#### DATASET CONTENT

================================

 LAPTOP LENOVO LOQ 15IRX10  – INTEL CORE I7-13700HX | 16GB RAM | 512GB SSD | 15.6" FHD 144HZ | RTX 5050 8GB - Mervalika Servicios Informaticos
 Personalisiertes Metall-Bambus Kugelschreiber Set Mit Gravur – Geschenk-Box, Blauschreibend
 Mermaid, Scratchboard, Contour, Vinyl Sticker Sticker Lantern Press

================================

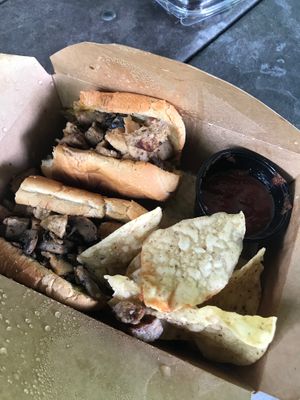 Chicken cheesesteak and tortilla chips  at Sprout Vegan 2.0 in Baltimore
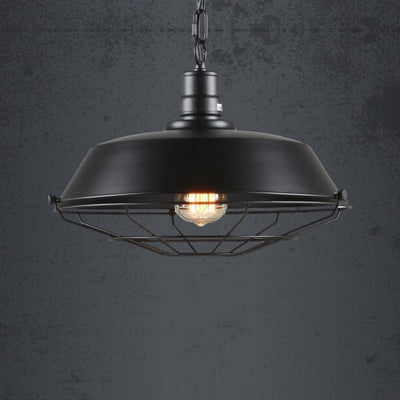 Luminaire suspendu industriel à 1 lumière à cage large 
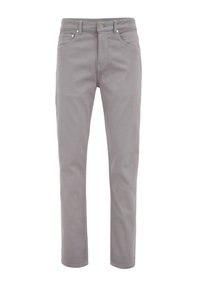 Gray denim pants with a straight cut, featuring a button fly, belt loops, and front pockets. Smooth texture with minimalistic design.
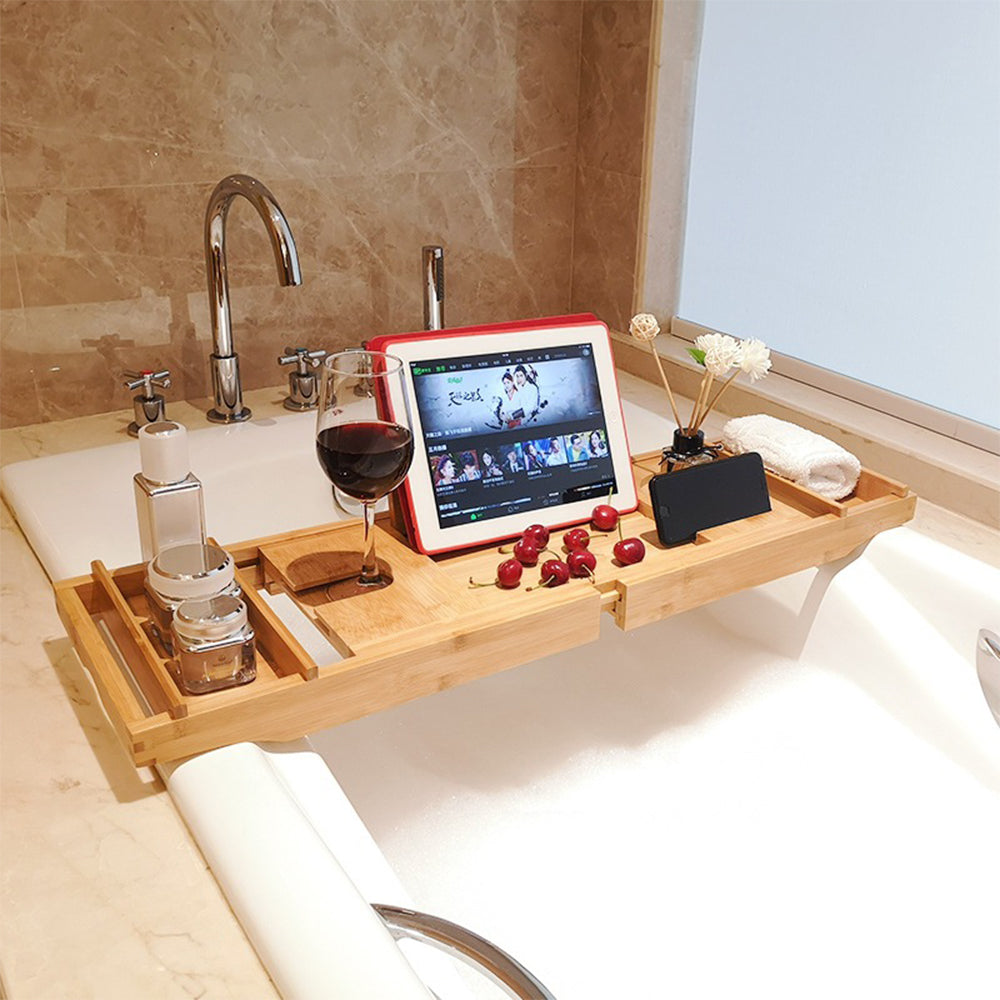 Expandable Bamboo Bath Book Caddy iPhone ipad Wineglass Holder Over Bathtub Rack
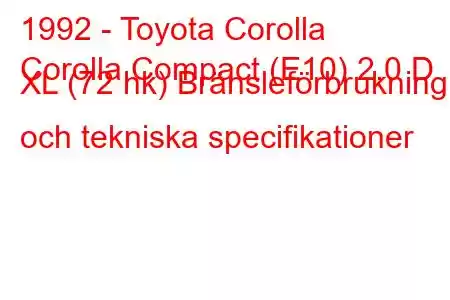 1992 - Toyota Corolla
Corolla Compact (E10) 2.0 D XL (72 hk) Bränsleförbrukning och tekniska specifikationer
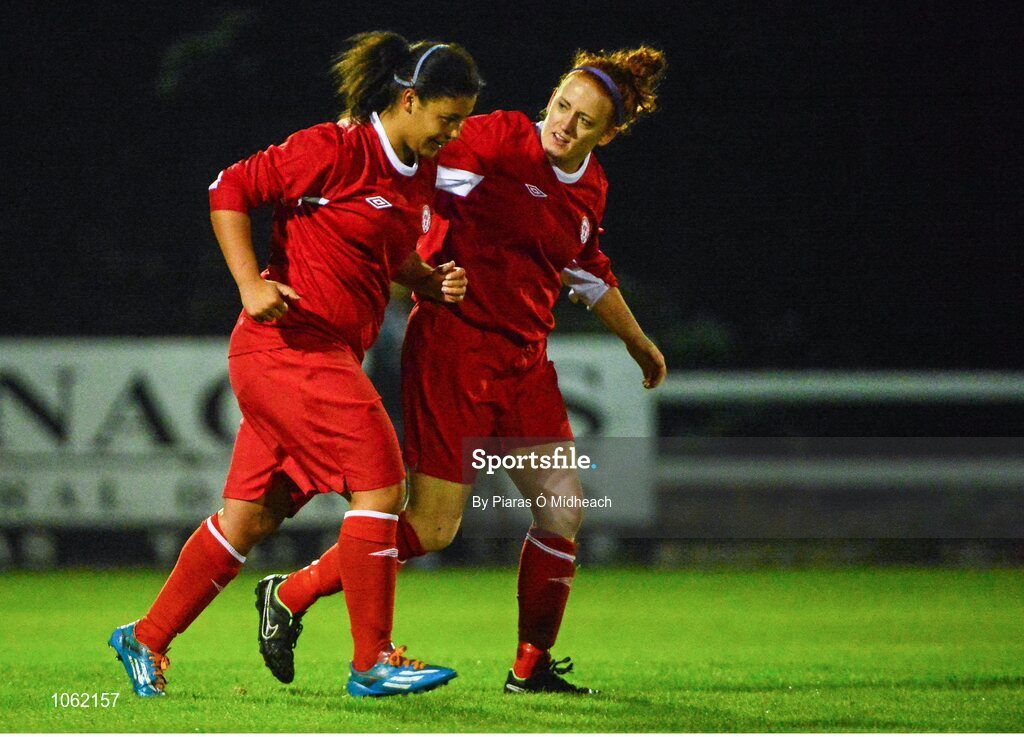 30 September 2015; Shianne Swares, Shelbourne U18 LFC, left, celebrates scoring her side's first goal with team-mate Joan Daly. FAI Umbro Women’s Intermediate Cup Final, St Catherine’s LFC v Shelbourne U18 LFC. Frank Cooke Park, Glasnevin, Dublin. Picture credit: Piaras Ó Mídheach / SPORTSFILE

================================

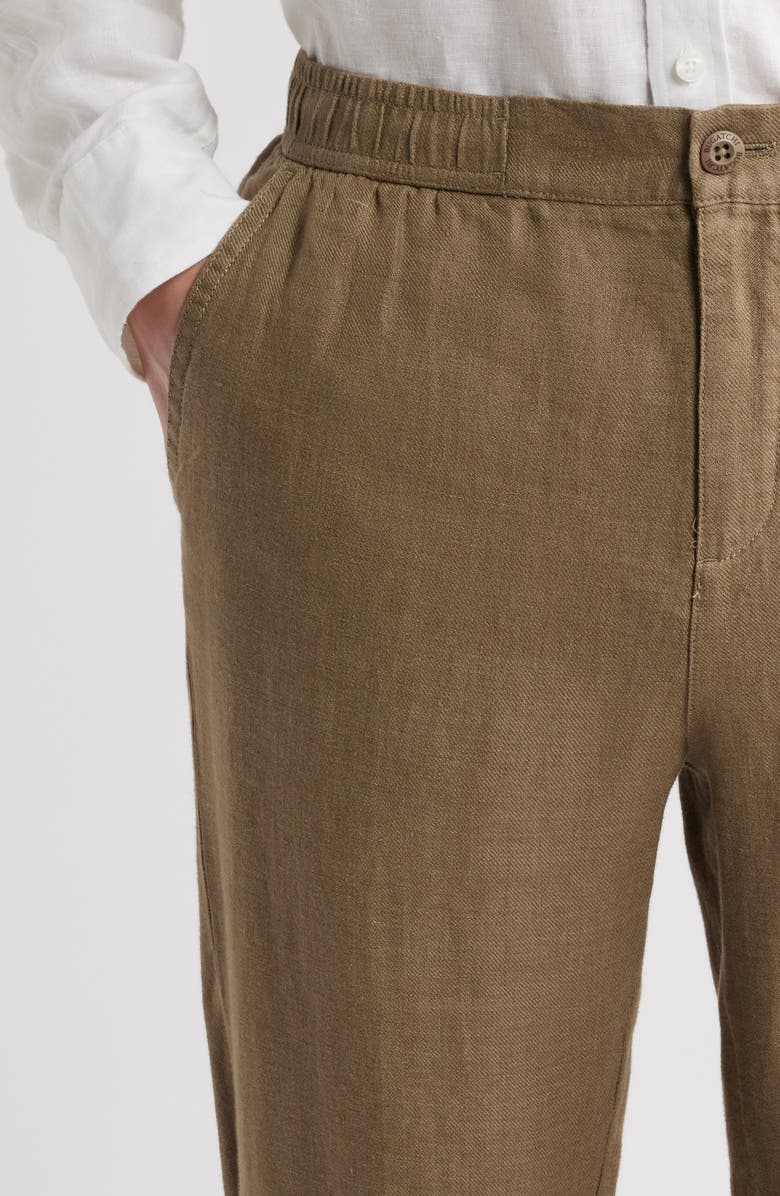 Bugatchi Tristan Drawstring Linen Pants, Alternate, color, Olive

================================

#### EXERCISE OBJECTIVE
Copy nothing but the lines above from the one with "Gray denim pants" to the one with "30 September 2015;", inclusive, word for word. Leave every picture out.

#### RESPONSE TO THE EXERCISE
 Gray denim pants with a straight cut, featuring a button fly, belt loops, and front pockets. Smooth texture with minimalistic design.
 Expandable Bamboo Bath Book Caddy iPhone ipad Wineglass Holder Over Bathtub Rack
 1992 - Toyota Corolla
Corolla Compact (E10) 2.0 D XL (72 hk) Bränsleförbrukning och tekniska specifikationer
 30 September 2015; Shianne Swares, Shelbourne U18 LFC, left, celebrates scoring her side's first goal with team-mate Joan Daly. FAI Umbro Women’s Intermediate Cup Final, St Catherine’s LFC v Shelbourne U18 LFC. Frank Cooke Park, Glasnevin, Dublin. Picture credit: Piaras Ó Mídheach / SPORTSFILE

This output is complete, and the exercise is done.